III. SUR LES DEMANDES ACCESSOIRES :
Sur les dépens
L’article 696 du code de procédure civile prévoit que la partie perdante est condamnée aux dépens, à moins que le juge, par décision motivée, n’en mette la totalité ou une fraction à la charge d’une autre partie. Il sera rappelé que les dépens sont les frais de justice. Il s’agit notamment de la rémunération des techniciens, l’indemnisation des témoins et les émoluments des officiers publics ou ministériels.

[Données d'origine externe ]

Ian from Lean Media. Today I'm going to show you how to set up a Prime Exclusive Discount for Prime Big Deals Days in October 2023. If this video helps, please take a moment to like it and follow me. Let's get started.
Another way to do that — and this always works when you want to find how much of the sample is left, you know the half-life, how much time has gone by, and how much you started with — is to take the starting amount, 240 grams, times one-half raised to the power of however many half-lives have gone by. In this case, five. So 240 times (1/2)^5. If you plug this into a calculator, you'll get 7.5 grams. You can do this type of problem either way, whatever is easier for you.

En l’espèce, Monsieur [T] [G], partie perdante, supportera la charge des dépens.
Sur la demande au titre de l’article 700 du code de procédure civile
L’article 700 prévoit que la partie condamnée aux dépens ou qui perd son procès peut être condamnée à payer à l’autre partie au paiement d’une somme destinée à compenser les frais exposés pour le procès et non compris dans les dépens.

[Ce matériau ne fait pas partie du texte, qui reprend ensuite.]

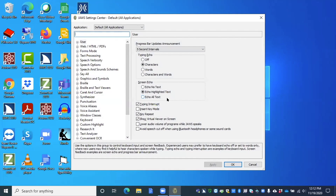When you go to Settings Center this way, it places you in the default settings. There is also a way to get to Settings Center for an individual application. If you're in Microsoft Word, Google Chrome, or Edge, for example, and you press Insert and the number six on the number row, you will get specific settings for that application. At any time within those specific application settings, you can press Control Shift D to switch back to the default settings for all applications.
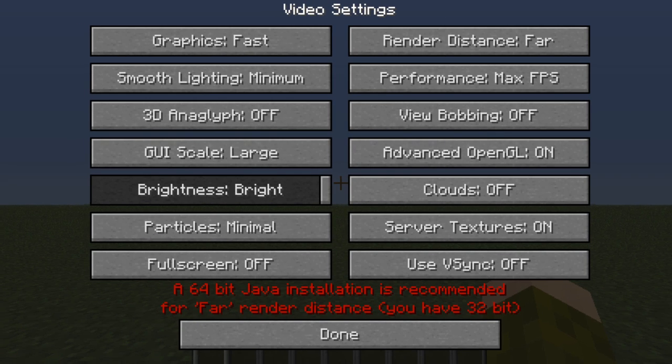Hello, do you have this problem in Minecraft where you do not have the 64-bit Java for your computer, so it says you can't run far render distance? I'm here to teach you how to fix it if you have this problem.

Dans ce cadre, le juge tient compte de l’équité ou de la situation économique des parties.
L’équité commande de ne pas faire application des dispositions de l’article 700 du code de procédure civile.

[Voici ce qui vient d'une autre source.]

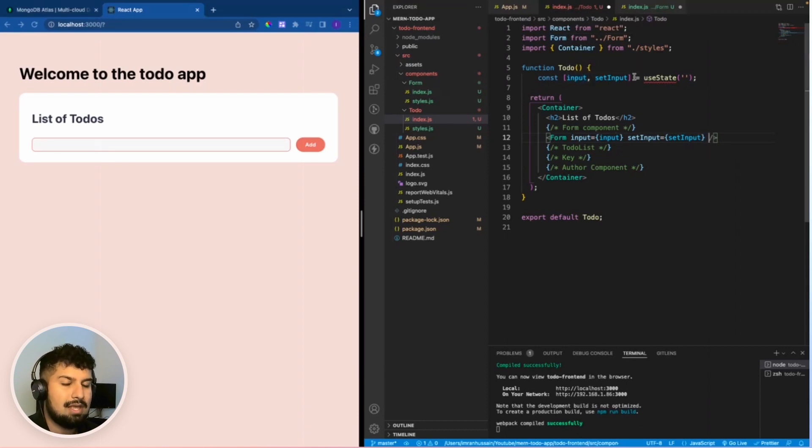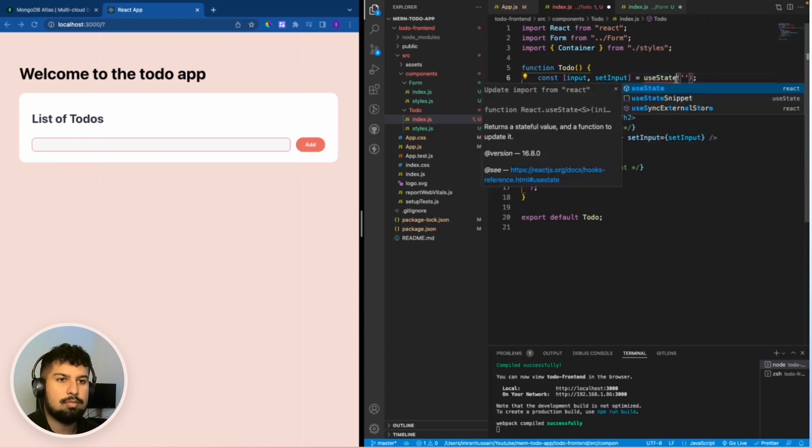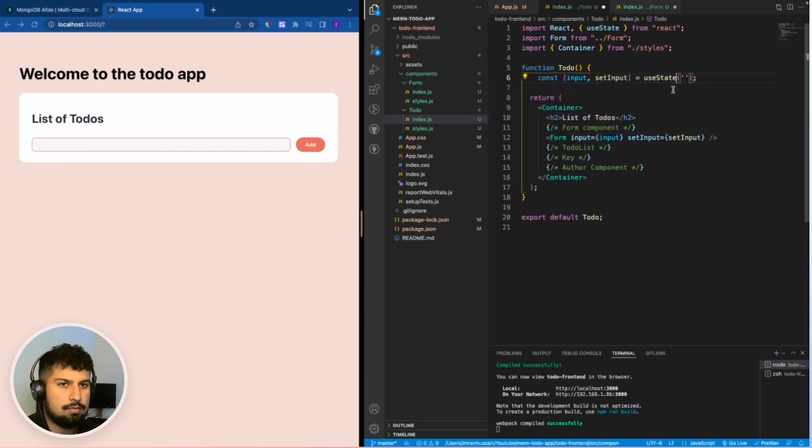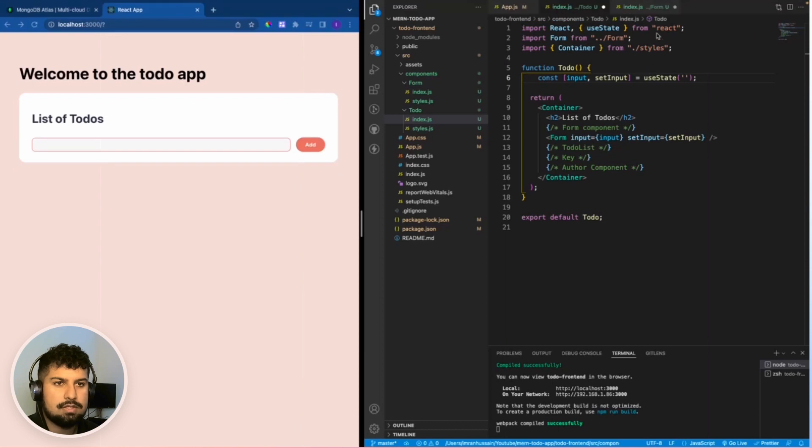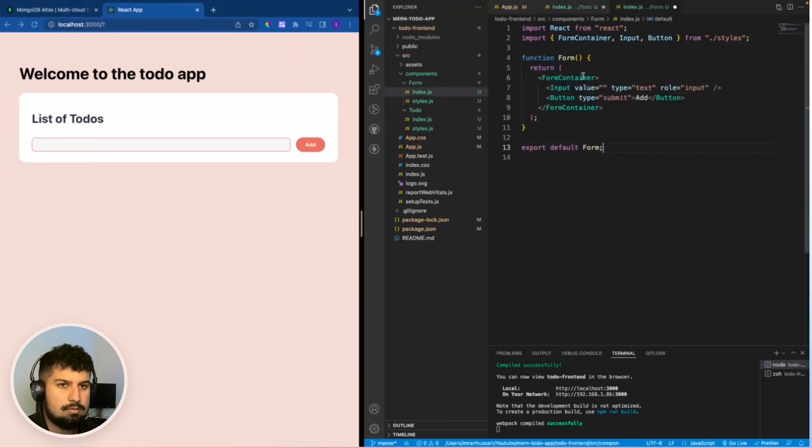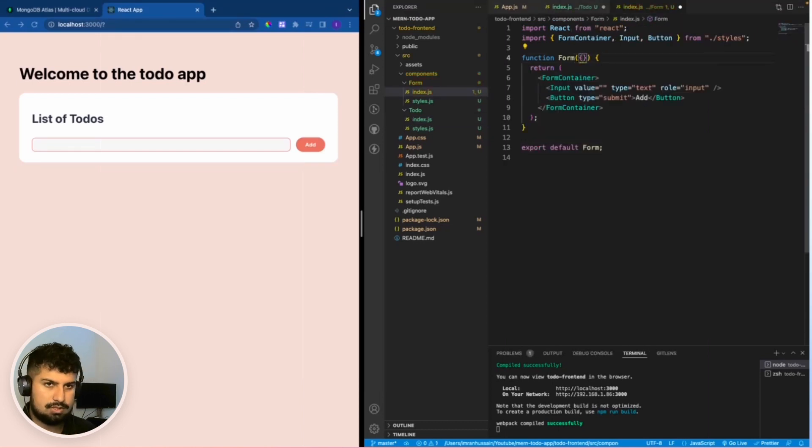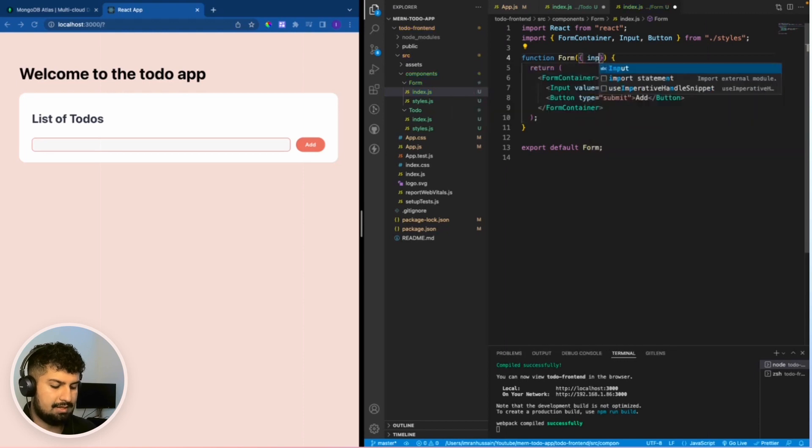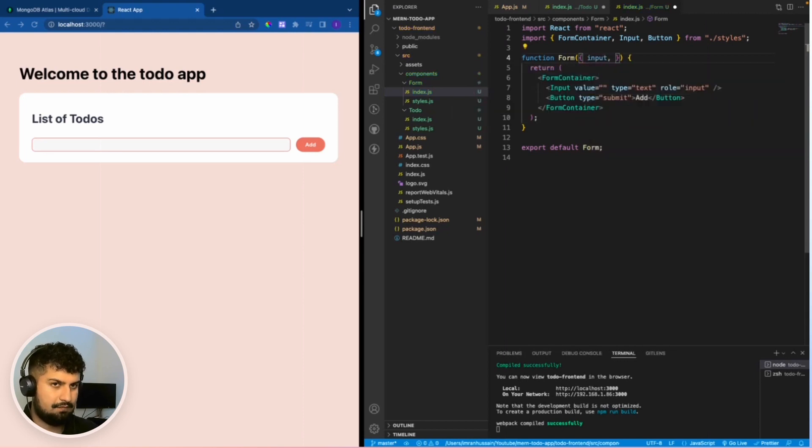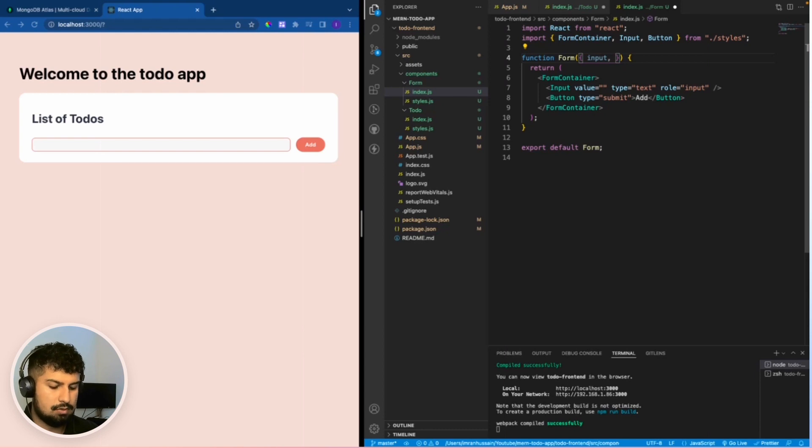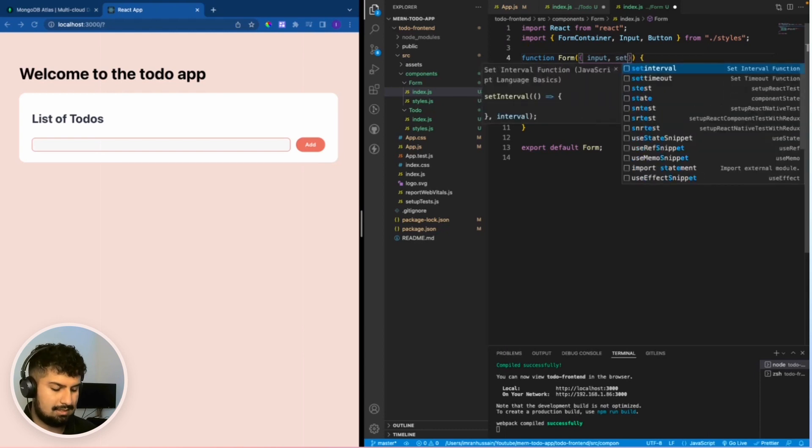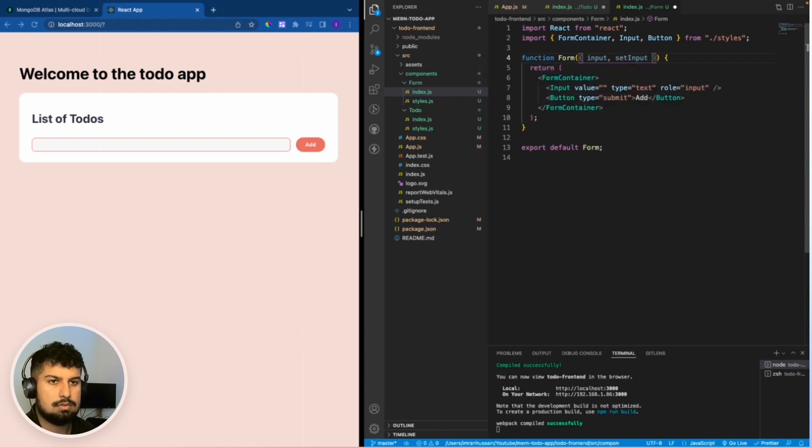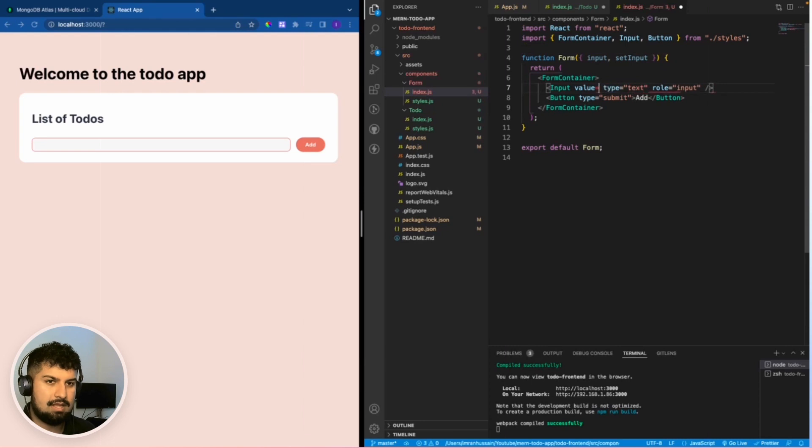I also need to import useState from React. If I go into my form input now, I can destructure what I'm getting back. I'll be getting the input that I passed from the todo component and also the setInput. Now instead of the input value being an empty string, it will be equal to the input.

Sur l’exécution provisoire
Il convient de rappeler que la présente instance est soumise aux dispositions de l’article 514 du code de procédure civile aux termes duquel les décisions de première instance sont de droit exécutoires à titre provisoire.
PAR CES MOTIFS,
Nous, juge des contentieux de la protection, statuant en référé, par mise à disposition au greffe, par ordonnance réputée contradictoire et en premier ressort,
Au principal, RENVOYONS les parties à se pourvoir ainsi qu’elles aviseront, mais dès à présent et par provision:
CONSTATONS que le bail ayant pris effet au 7 octobre 2022 entre C’CHARTRES HABITAT et Monsieur [T] [G] concernant le local à usage de garage situé 4 rue du 102ème Régiment d’Infanterie est résilié à la date de la présente ordonnance, du fait des loyers impayés;
ORDONNONS en conséquence à Monsieur [T] [G] de libérer les lieux et de restituer les clés dès la signification de la présente ordonnance ;
DISONS qu’à défaut pour Monsieur [T] [G] d’avoir volontairement libéré les lieux et restitué les clés dans ce délai, C’CHARTRES HABITAT pourra, deux mois après la signification d’un commandement de quitter les lieux, faire procéder à son expulsion ainsi qu’à celle de tous occupants de son chef, y compris le cas échéant avec le concours d’un serrurier et de la force publique ;
DISONS n’y avoir lieu à ordonner l’enlèvement, le transport et la séquestration des meubles éventuellement laissés sur place ;
CONDAMNONS Monsieur [T] [G] à verser à C’CHARTRES HABITAT à titre provisionnel la somme de 637,30 € (six cent trente sept euros et trente cents) ( selon assignation au 21 juin 2024,) sauf à parfaire,
CONDAMNONS Monsieur [T] [G] à payer à C’CHARTRES HABITAT à titre provisionnel une indemnité mensuelle d’occupation du jour du prononcé de la présente ordonnance jusqu’à la date de la libération définitive des lieux caractérisée par la remise des clés au bailleur ou à toute personne qu’il aura mandatée à cet effet
FIXONS cette indemnité mensuelle d’occupation au montant du loyer, calculé tel que si le contrat s’était poursuivi ;
RAPPELONS que les paiements intervenus postérieurement à l’assignation viennent s’imputer sur les sommes dues conformément à l’article 1342-10 du code civil et viennent ainsi en déduction des condamnations ci-dessus prononcées ;
CONDAMNONS Monsieur [T] [G] aux dépens.
DEBOUTONS C’CHARTRES HABITAT de sa demande au titre de l’article 700 du code de procédure civile ;
RAPPELONS que la présente ordonnance est de plein droit exécutoire à titre provisoire ;
DISONS que la présente décision sera notifiée par le greffe à la préfecture d’Eure et Loir en application de l’article R.412-2 du code des procédures civiles d’exécution ;
Ainsi ordonnée et prononcée le 05 Novembre 2024.